O consultor e especialista em avaliação Ruben Klein, da Fundação Cesgranrio, observa que, mesmo que, o acesso ao fundamental já tenha sido universalizado, boa parte dos brasileiros é reprovada e abandona a escola antes de terminar o 9º ano (antiga 8ª série). Ele chama atenção para outro aspecto: mais de 99% dos jovens fora da escola dos 15 aos 17 anos chegou a estudar em algum momento. “O grande dilema é que o pessoal entra na escola e não termina”, diz Klein.
Augusto da Silva, de 21 anos e morador de Olinda (PE), é um exemplo disso. Ele fazia o primeiro ano do ensino médio, mas parou há três anos, desde que começou a trabalhar como auxiliar de cozinha em um restaurante de Recife. Estudava pela manhã, mas não conseguiu conciliar as duas atividades. “Meu pai é caseiro, minha mãe trabalha como empregada e tenho duas irmãs menores. Precisava completar a renda, e fui à luta. No restaurante eu pegava de noite e só saía às 10h da manhã seguinte. Quando chegava em casa, estava um bagaço e não conseguia estudar. Só fazia dormir. Terminei deixando o estudo de lado. Foi ruim ficar sem estudar, mas, em compensação, achei que com a carteira assinada ficaria mais fácil arranjar outro emprego”, conforma-se.
A falta de escolaridade, no entanto, agora lhe custa caro. Ele está há seis meses desempregado e tenta conseguir uma ocupação que lhe dê tempo para retomar os estudos e, talvez, seguir uma carreira com melhor qualificação como cozinheiro.
O coordenador do Centro de Políticas Públicas do Insper, Naércio Menezes Filho, é outro que vê estreita ligação entre o que se passa na escola básica e seus reflexos na demanda por ensino superior. Embora reconheça que limitações financeiras também têm impacto no acesso à faculdade, Naércio está convencido de que o nó maior está no caminho da pré-escola ao ensino médio. “O principal desafio é melhorar a qualidade do ensino fundamental e médio. Todos os caminhos que a gente analisa acabam batendo nisso”, diz.
Segundo ele, a nova classe média buscou a faculdade, principalmente em cursos da área de humanas, que remuneram menos do que no passado.
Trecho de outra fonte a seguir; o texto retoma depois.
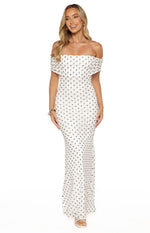 Cole White Polka Mesh Prom Dress Image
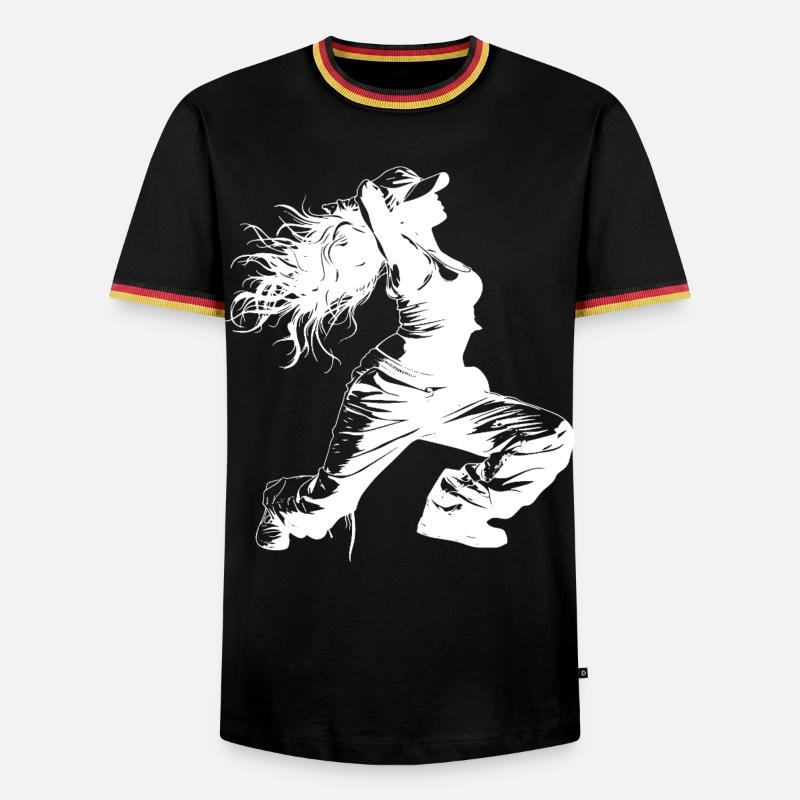Breakdancer Drawing - Men's Ringer Shirt - black/tricolour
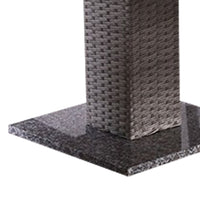 Nia Bistro Outdoor Table, Marble Base, Gray PE Rattan Frame, 27 Inch - BM342307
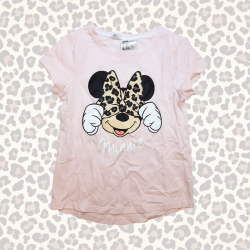 T-shirt rose Minnie Leopard - H&M, 122-128cm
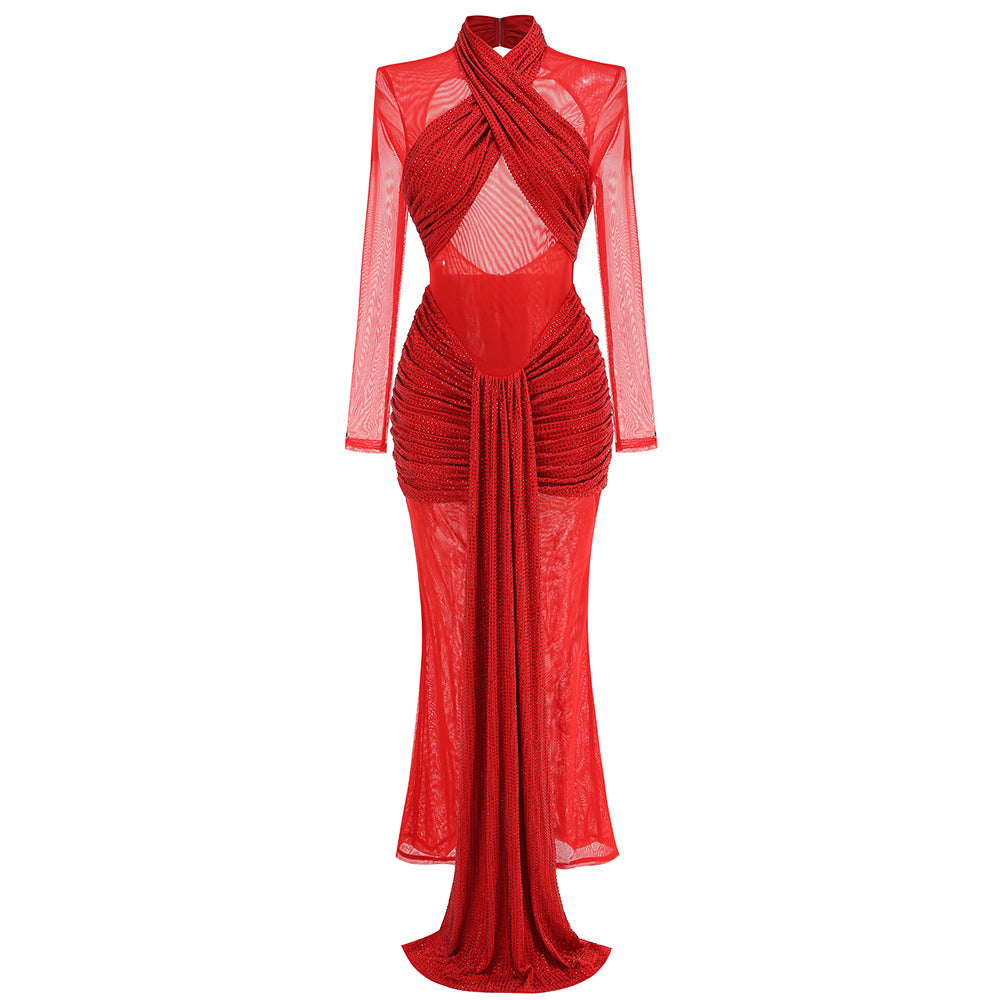 Long Sleeve Sparkly Draped Maxi Dress Red HV1983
E aí estaria outro gargalo: a baixa qualidade da escola básica não prepara os estudantes para cursos tecnológicos e de exatas, que remuneram melhor, mas que requerem boa formação em matemática e ciências. “O ensino médio é que não está formando alunos no ritmo dos anos 1990, nem com qualidade para sustentar alunos em cursos mais difíceis da área de exatas, as engenharias, a medicina. As pessoas não tem condições de aprendizado e recursos financeiros para pagar essas faculdades, que são mais caras”, afirma Naércio, que é também professor associado da USP.
Problema não é falta de vagas
Membro do Conselho Nacional de Educação, o sociólogo Luiz Roberto Liza Curi concorda que é preciso ampliar o ensino médio. Para ele, no entanto, não é só isso o que trava o crescimento do ensino superior. “O número de egressos no ensino médio é um fator relevante para a expansão, mas o ensino superior tem espaço para crescer com o tamanho atual do ens
ino médio. As vagas existem, só que não estão sendo preenchidas”, afirma Curi, que foi diretor da Secretaria de Educação Superior do MEC no governo Fernando Henrique e é hoje assessor especial do Sistema Educacional Brasileiro (SEB), um grupo privado.
O presidente do Inep concorda: “Temos um problema no ensino médio e estamos trabalhando. Mas hoje a demanda pelo ensino superior brasileiro está aumentando. O número de inscritos cresce. Não tenho dúvidas de que vamos atingir as metas quantitativa e qualitativa do novo Plano Nacional de Educação”, diz Luiz Claudio.
Curi, por sua vez, afirma que a parcela da população com idade acima de 24 anos e sem diploma universitário responde por boa parte da demanda. Prova disso, argumenta ele, é que cerca de três quartos das matrículas em instituições particulares são noturnas. Para Curi, o crescimento só não é maior porque o curso superior, em alguma medida, perdeu importância em termos de empregabilidade e aumento salarial.